Here we define two different storage configurations for the embeddings. One using SQLite and one using in-memory storage.

We will then initialize the embeddings with both configurations and compare the results.

In [2]:
# Cell 2 - Storage Configuration Comparison
# Define different storage configurations
sqlite_config = {
    "path": "sentence-transformers/nli-mpnet-base-v2",
    "content": True,
    "contentpath": "txtai/test/content.db",  # SQLite storage
    "backend": "faiss",
    "hybrid": True,
    "normalize": True
}

memory_config = {
    "path": "sentence-transformers/nli-mpnet-base-v2",
    "content": True,  # In-memory storage
    "backend": "faiss",
    "hybrid": True,
    "normalize": True
}

# Initialize both configurations
logger.info("Initializing embeddings with different storage configs...")
sqlite_embeddings = Embeddings(sqlite_config)
memory_embeddings = Embeddings(memory_config)

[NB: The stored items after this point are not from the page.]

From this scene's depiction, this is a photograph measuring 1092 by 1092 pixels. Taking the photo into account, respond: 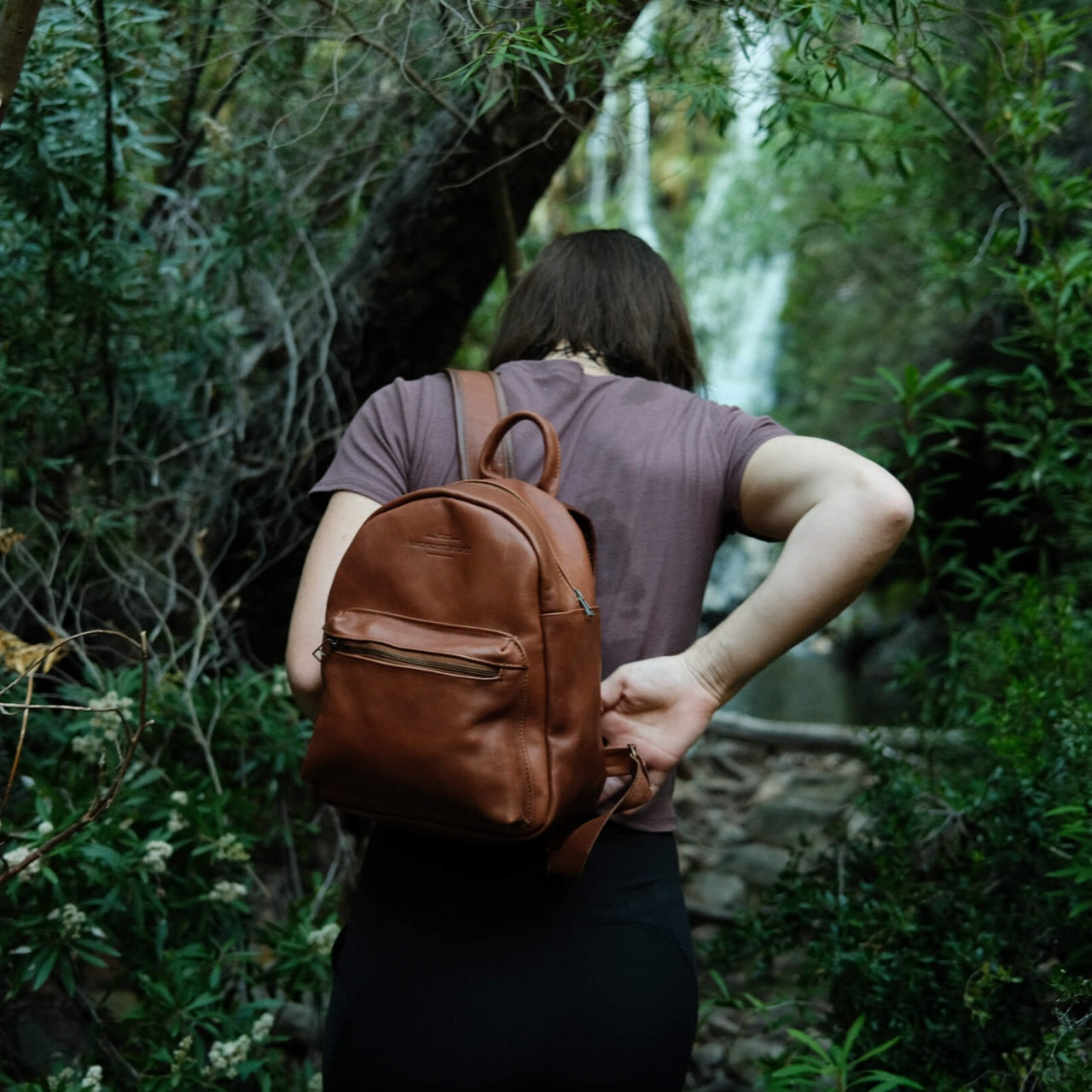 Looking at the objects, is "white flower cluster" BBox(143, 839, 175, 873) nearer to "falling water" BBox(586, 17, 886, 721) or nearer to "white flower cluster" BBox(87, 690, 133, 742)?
"white flower cluster" BBox(87, 690, 133, 742)

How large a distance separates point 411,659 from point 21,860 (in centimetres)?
118

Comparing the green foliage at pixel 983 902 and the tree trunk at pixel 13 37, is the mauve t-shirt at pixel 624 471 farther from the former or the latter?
the green foliage at pixel 983 902

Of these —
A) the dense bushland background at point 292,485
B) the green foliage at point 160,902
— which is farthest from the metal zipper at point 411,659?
the green foliage at point 160,902

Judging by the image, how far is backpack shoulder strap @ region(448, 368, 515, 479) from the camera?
1485 millimetres

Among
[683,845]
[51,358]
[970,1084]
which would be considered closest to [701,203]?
[683,845]

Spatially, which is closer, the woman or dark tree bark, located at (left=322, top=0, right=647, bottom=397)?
the woman

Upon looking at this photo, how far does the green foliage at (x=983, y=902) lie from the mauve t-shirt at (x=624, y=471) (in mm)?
949

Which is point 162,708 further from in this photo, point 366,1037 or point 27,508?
point 366,1037

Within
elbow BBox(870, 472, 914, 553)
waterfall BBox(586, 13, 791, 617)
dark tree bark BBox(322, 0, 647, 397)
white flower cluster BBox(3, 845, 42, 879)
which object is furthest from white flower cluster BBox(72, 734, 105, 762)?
waterfall BBox(586, 13, 791, 617)

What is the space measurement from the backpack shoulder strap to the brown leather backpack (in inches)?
5.0

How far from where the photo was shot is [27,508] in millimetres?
2904

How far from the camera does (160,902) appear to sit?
230cm

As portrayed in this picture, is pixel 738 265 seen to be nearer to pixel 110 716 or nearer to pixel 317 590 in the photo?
pixel 110 716

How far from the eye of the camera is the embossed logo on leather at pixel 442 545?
1276 mm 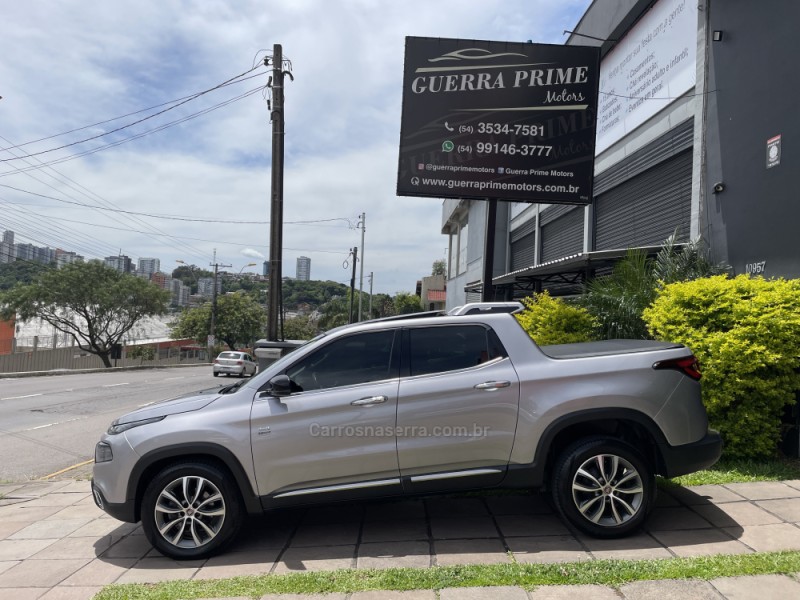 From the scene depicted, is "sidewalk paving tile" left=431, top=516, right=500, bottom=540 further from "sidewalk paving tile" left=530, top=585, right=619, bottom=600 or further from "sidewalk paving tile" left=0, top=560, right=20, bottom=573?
"sidewalk paving tile" left=0, top=560, right=20, bottom=573

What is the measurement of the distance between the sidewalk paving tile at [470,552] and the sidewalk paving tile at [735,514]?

2024-11-17 14:15:24,870 - INFO - Initializing embeddings with different storage configs...


# Cell 3 - Test Documents with Rich Metadata

We'll create test documents with various metadata structures to understand storage patterns.
This helps us test how different storage backends handle complex data.

In [3]:
# Cell 3 - Complex Test Documents
test_docs = [
    {
        "id": "doc1",
        "text": "Technical document about database indexing",
        "metadata": {
            "type": "technical",
            "tags": ["database", "index"],
            "version": 1.0,
            "authors": ["John Doe", "Jane Smith"]
        }
    },
    {
        "id": "doc2",
        "text": "Guide to vector similarity search",
        "metadata": {
            "type": "guide",
            "tags": ["vector", "similarity"],
            "difficulty": "intermediate",
            "prerequisites": ["basic math", "python"]
        }
    }
]

# Helper function to prepare documents for indexing
def prepare_docs(docs):
    return [(i, doc["text"], json.dumps(doc["metadata"])) for i, doc in enumerate(docs)]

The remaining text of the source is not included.